C’est désormais une tradition, grâce à mon amie Maria, ma salle de séjour devient un gigantesque sapin de Noël avec des décorations « maison » autour de branches d’arbres, des pommes de pins aux écailles peintes à la peinture blanche, des fleurs séchées, des fleurs artificielles et naturelles comme ces petits lampions oranges ou des cosses de marrons poilus, des oranges piquées de clous de girofle déposés chaque année dans de petits verres en cristal, les statues de mon décor ordinaire magnifiées par ces branches et des guirlandes lumineuses, un petit festin provençal que je prépare en mijotant de longues heures avec l’odeur des fumets.. L’après-midi nous sommes allées dans l’église de la place sur laquelle je vis pour y allumer des veilleuses au nom de tous les disparus… et le tout au son de la musique baroque et des Noël religieux mais la viande, une épaule d’agneau était hallal parce que tous ceux avec qui nous la partageons sont musulmans…
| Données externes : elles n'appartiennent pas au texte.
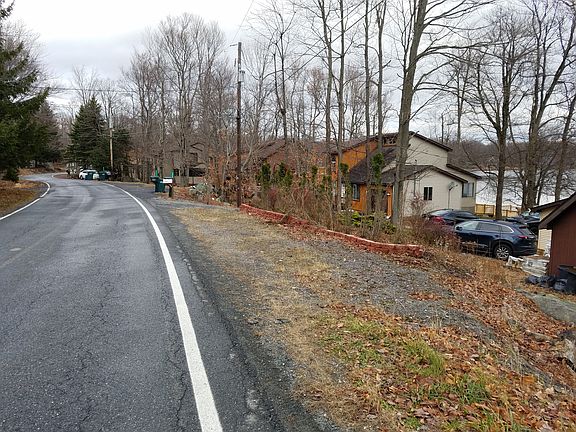 4th image of 2537 Waterfront Dr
Nous avons pris l’habitude de cette fête solitaire avec Marianne et nos parties de carte et de scrabble jusqu’à des heures matinales, nos disputes d’écolières accusant l’autre de tricher et le lendemain, le surlendemain ça continue… De temps en temps, il vient quelqu’un pour apporter des chocolats ou manger les nôtres… et ils partent avec des morceaux de la viande hallal et des légumes comme le cèleri rave en purée, les champignons, le potiron cuits dans le jus… La salade d’endive est émaillée de grains de grenade, de kaki pommes et de cerneaux de noix, avec des dès de comté… je fais des tartes aux pommes à partir de ma célèbre compote au gingembre et à la badiane ou anis étoilé… Il y en toujours une au four…
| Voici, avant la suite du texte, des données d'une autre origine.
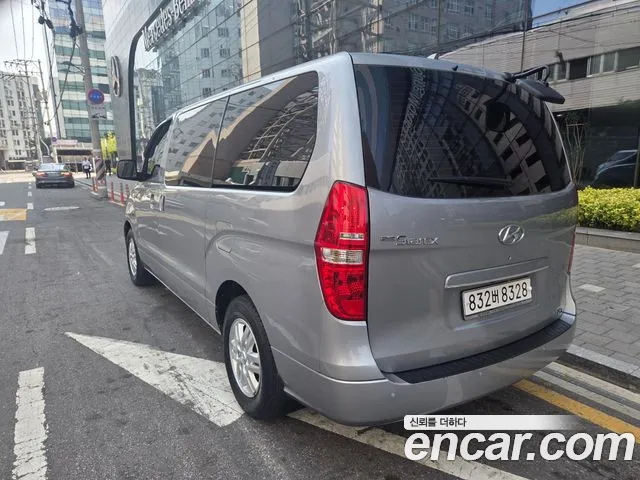 Hyundai Starex 2017 thumb 2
L’autre tradition sera pour le premier de l’an : aller essayer de trouver un restaurant ouvert au bord de la mer pour tremper quel que soit le temps les pieds nus dans les petites vagues en respirant l’air du large… Jadis je me baignais à la plage des catalans, puis j’ai craint la bronchite et je me contente de marcher dans l’eau… Je cherche une sable qui reste ferme sous le pas, Il m’arrivait de partir seule en train pour atterrir aux Sablettes du côté de la Seyne du mer ou arriver à trouver un autre solitaire pour partager cette joie d’accueil de la lumière du Nouvel an . Le solstice est passé et les jours ne vont cesser de croître jusqu’à la splendeur de Pacques et de ce 17 avril 2026 où j’aurai 88 ans et une intense joie en moi que rien ne peut abolir…
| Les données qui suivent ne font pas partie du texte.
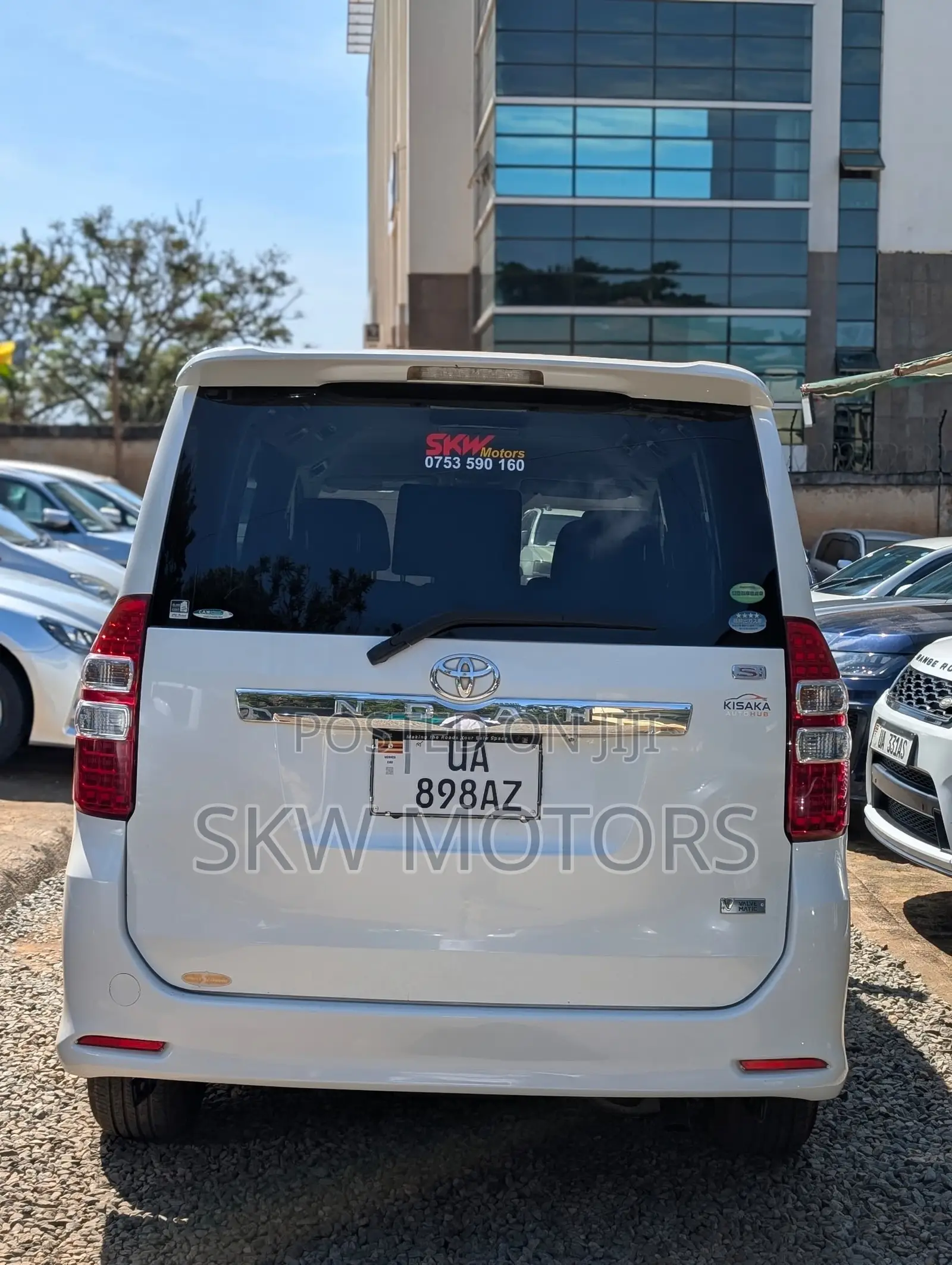 Toyota Noah 2012 White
Une année encore où je pourrai marcher, un sac à dos dans lequel il y a un livre et un cahier pour prendre des notes, un sandwich et une bouteille d’eau en m’arrêtant de temps en temps sur un banc puis l’après-midi se réfugier au cinéma… le véritable luxe est là *, je le salue le jour de la saint sylvestre… j’ai connu les grandes tablées maintenant il me reste la célébration de fantômes aimés avec de petites lanternes de chauffe plat.. et quelques amis en qui j’ai confiance c’est une immense richesse et le vrai sentiment d’éternité. Celui qui me pousse à écrire des livres, ces notes comme le témoignage des possibles…
Je vous souhaite la même chose, ces doux plaisirs de rites assumés et arrachés par notre courage à ceux qui ne cherchent qu’à nous gâcher la vie et qui fort heureusement n’y arrivent jamais tout à fait.